There has been strong talk of the Jets bringing in a veteran QB but Ray hopes he can squash that talk by having a solid preseason. With a shortage of solid veteran QB’s available, it seems the backup job will fall onto Bollinger or Ray’s shoulders. Both will have to be ready in case something happens to Pennington. Ray feels he needs to earn the team’s confidence.
“It comes with playing,” said the QB. You have to get out there in game situations and prove to them that you can move the ball up and down the field and get the job done. That is something you have to earn. You have to get out there and show them that you can be a good player and a confident player.”

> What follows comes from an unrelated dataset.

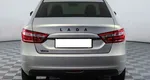 Lada (ваз) vesta мкпп 2021 с пробегом 45 871 км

The common answer from players who are making the adjustment to the NFL is how fast it is. Ray said playing in the AFL2 has helped.
“I did play arena football, so I should be used to a quick paced game, that’s playing on a basketball court. You just have to make good decisions, know where your guys are at and anticipate them,” Ray said.
When the Jets face the Colts in preseason on Saturday, Ray will get a significant amount of the snaps at QB. It will be a big test for him after a shaky performance against New Orleans and a good evaluation of where he is at.
Pennington predicts that Ray will be successful.
“With preseason games you have a good chance for success. One, because teams don't really game plan and two, because you are running plays that you are familiar with and you've been doing this stuff for a while now. So I think he’ll feel comfortable. The biggest thing is that if something breaks down because you have young guys in there with you, you just can't get too worried about it, you just have to keep running the team,” Pennington said.
Offensive Coordinator Paul Hackett has seen a lot of quarterbacks in his time. He knows going against the Colts will be a big opportunity for Ray and will be a good evaluation of where Ray is at.
“I think he is realizing this is a golden opportunity that you rarely get your first year in the League,” said Hackett. “Not only to have a chance to practice but also to have a chance to play in a national television game on a Saturday night. Practice is one thing but now he gets a chance to perform against a very fine football team. We will see how he can go.”
Ray hopes to make the transition to the NFL like some former CFL QB’s did. Moon, Garcia and Doug Flutie are a few of the names that come to mind when you think of players who were successful QB’s in the CFL and NFL.
“It’s just a quicker game. There are better athletes on the field. All around, you have the best athletes in the world playing this game so it’s definitely going to be a lot more difficult. But it’s like anything else: you’ve got to rep it and rep it and get more comfortable and make sure you know what you’re doing,” Ray said about the difference between the CFL and NFL.
If he does not succeed with the Jets, Ray said he would consider going back to the CFL. “If it doesn’t work out down here, then that definitely would be a possibility. I enjoyed the two years I played there and I wouldn’t hesitate to go back,” Ray said.
If Ray makes the Jets final roster and becomes successful in the NFL, it will be a happy ending for all.